Exercise requirements: Retype the records below from their first line through the line holding "Tory Burch Womens", including both ends and no pictures.

Supplied entries:

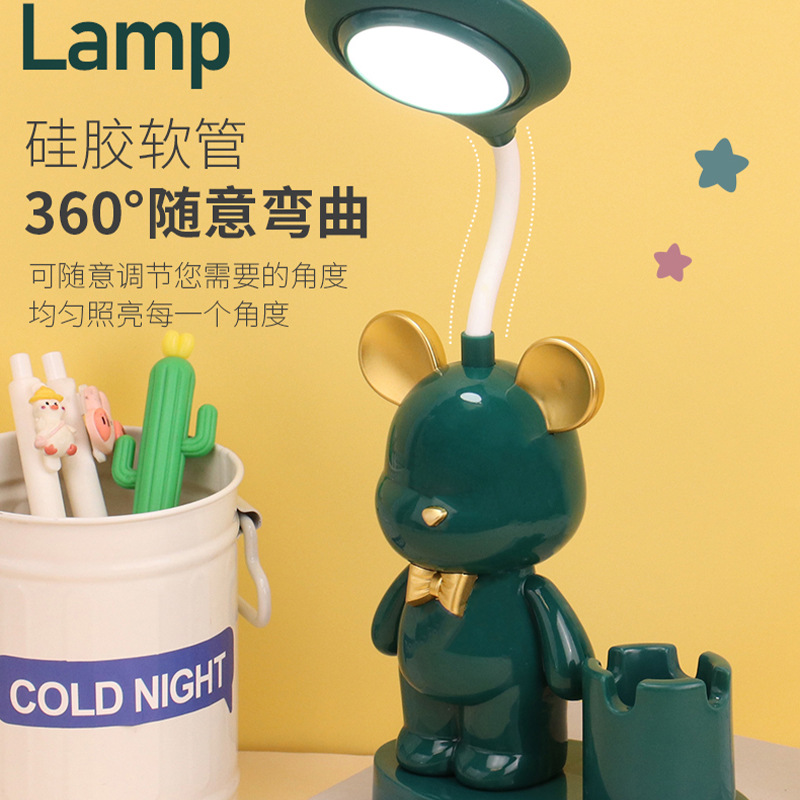 Small Cartoon Table Lamp With Pencil Holder And Pencil Sharpener Flexible Rechargeable Children's Room Eye Protection Reading And Learning Light details Picture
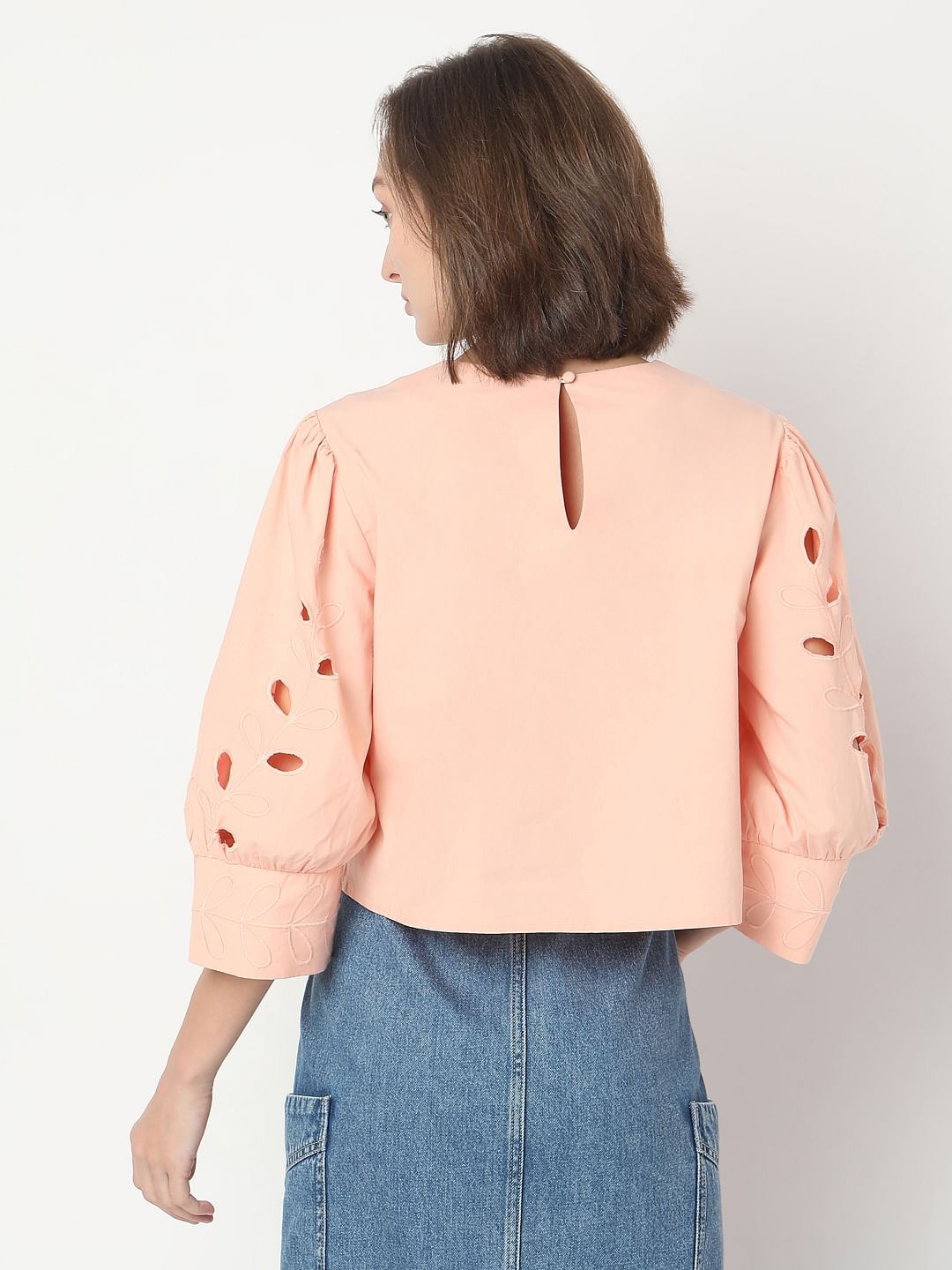 Pink Cut-Work Detail Top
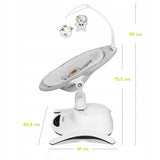 Balansoar, Lionelo, Bella, Multifunctional, Electric, Scaun reglabil, Ecran tactil si telecomanda, 6 miscari unice, 5 viteze, Cu melodii, Gri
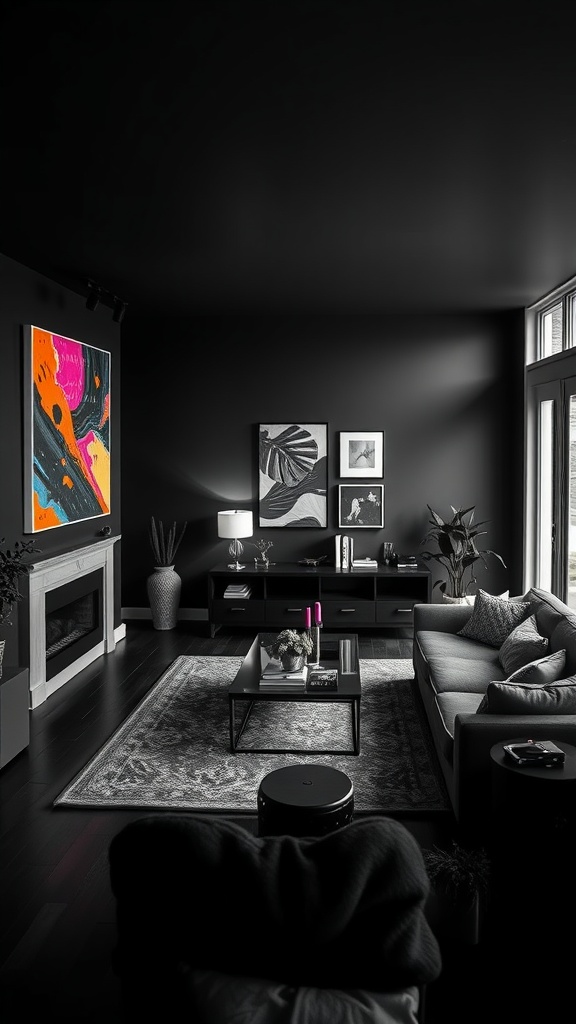 A modern black living room with colorful artwork, grey couch, and stylish decor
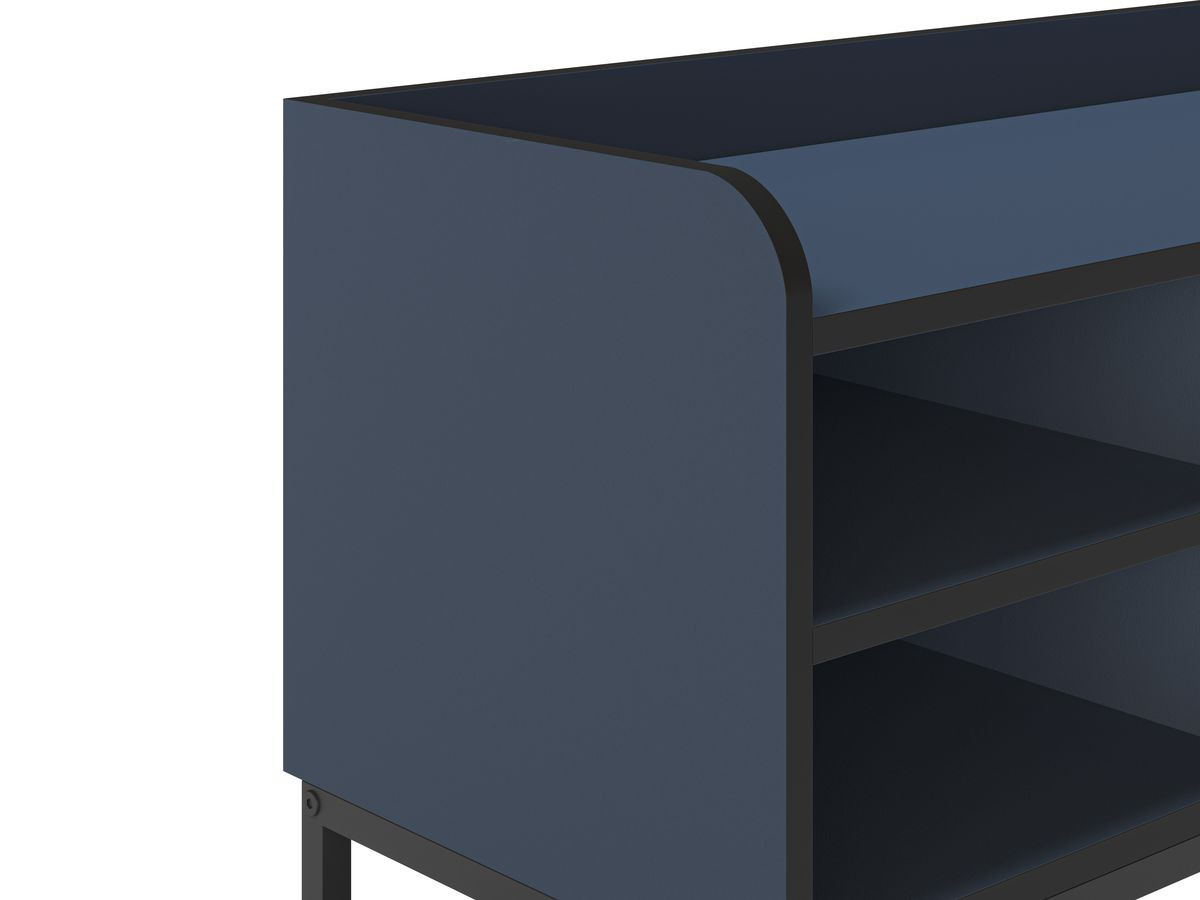 AURIANE 2-deurs, 2-kabinet tv-meubel, 160 cm, zwarte metalen poten
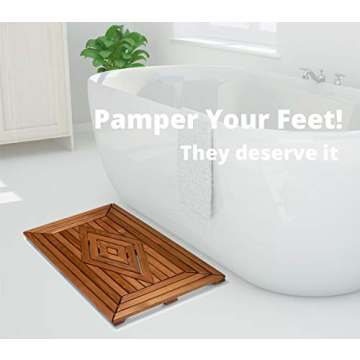 Designer Teak Shower Mat Large Water-Resistant Luxury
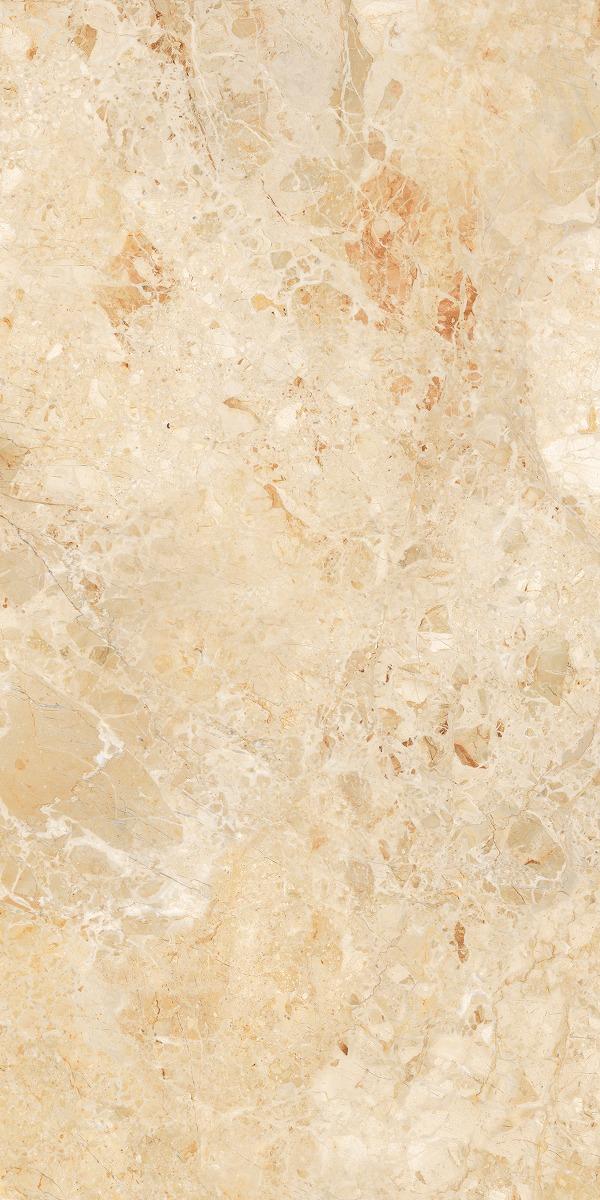 Glossy Finish PGVT Breccia Marble Beige Glazed Vitrified Tiles 800x1600 mm
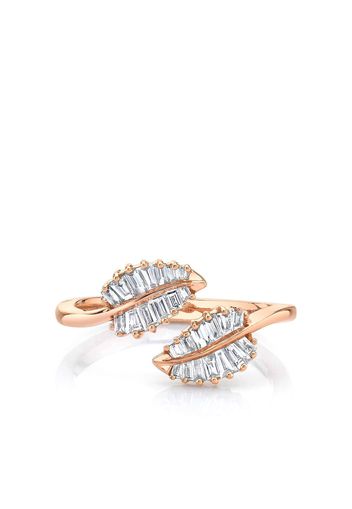 Anita Ko 18kt rose gold small diamond palm leaf ring - Rosa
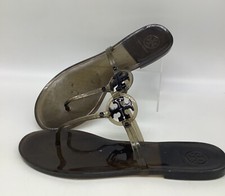 Tory Burch Womens Logo Jelly Sandals Smoke Gray Transparent Slide Size 9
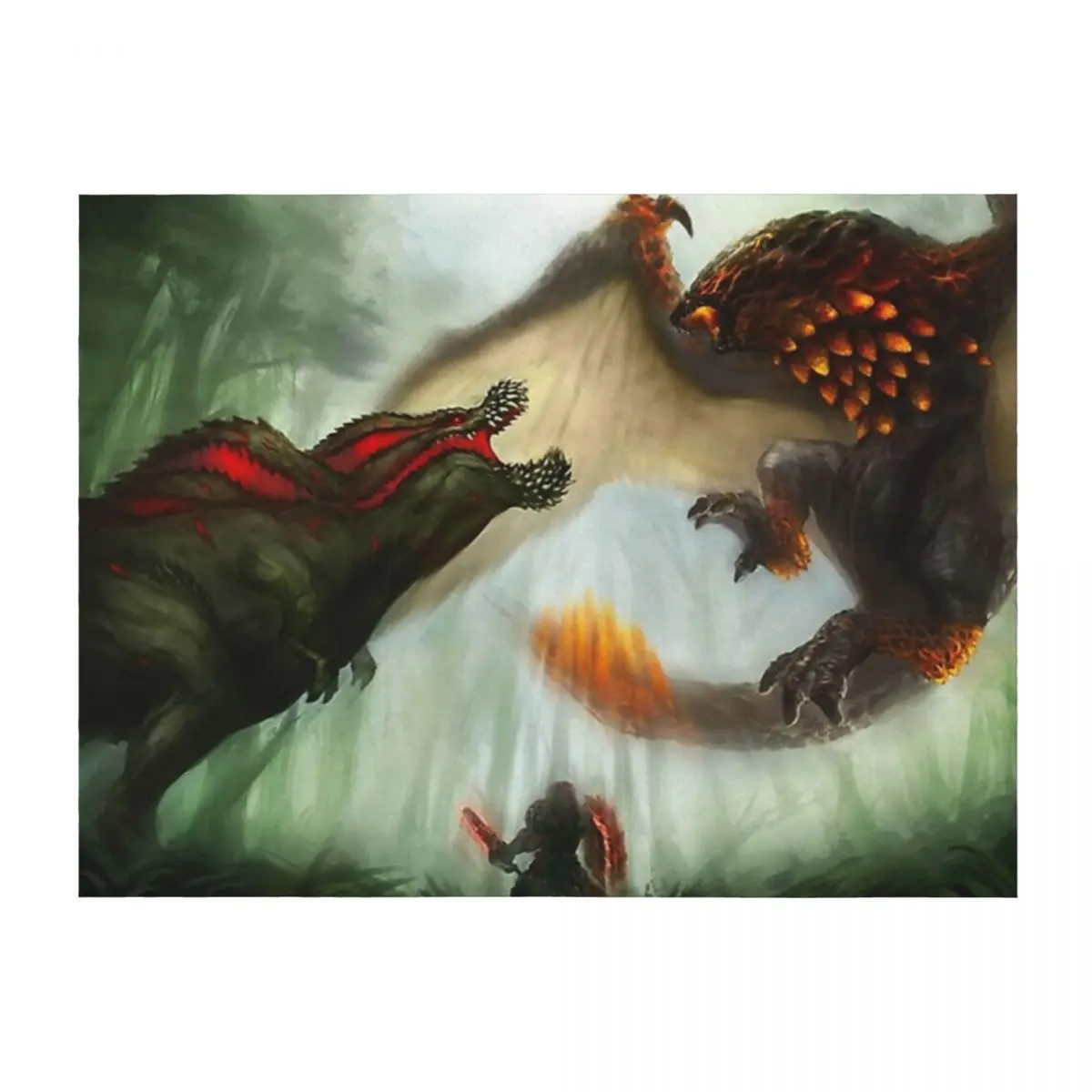 

Deviljho vs. Bazelgeuse Throw Blanket decorative Sofas Luxury valentine gift ideas Blankets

Answer space:
 Small Cartoon Table Lamp With Pencil Holder And Pencil Sharpener Flexible Rechargeable Children's Room Eye Protection Reading And Learning Light details Picture
 Pink Cut-Work Detail Top
 Balansoar, Lionelo, Bella, Multifunctional, Electric, Scaun reglabil, Ecran tactil si telecomanda, 6 miscari unice, 5 viteze, Cu melodii, Gri
 A modern black living room with colorful artwork, grey couch, and stylish decor
 AURIANE 2-deurs, 2-kabinet tv-meubel, 160 cm, zwarte metalen poten
 Designer Teak Shower Mat Large Water-Resistant Luxury
 Glossy Finish PGVT Breccia Marble Beige Glazed Vitrified Tiles 800x1600 mm
 Anita Ko 18kt rose gold small diamond palm leaf ring - Rosa
 Tory Burch Womens Logo Jelly Sandals Smoke Gray Transparent Slide Size 9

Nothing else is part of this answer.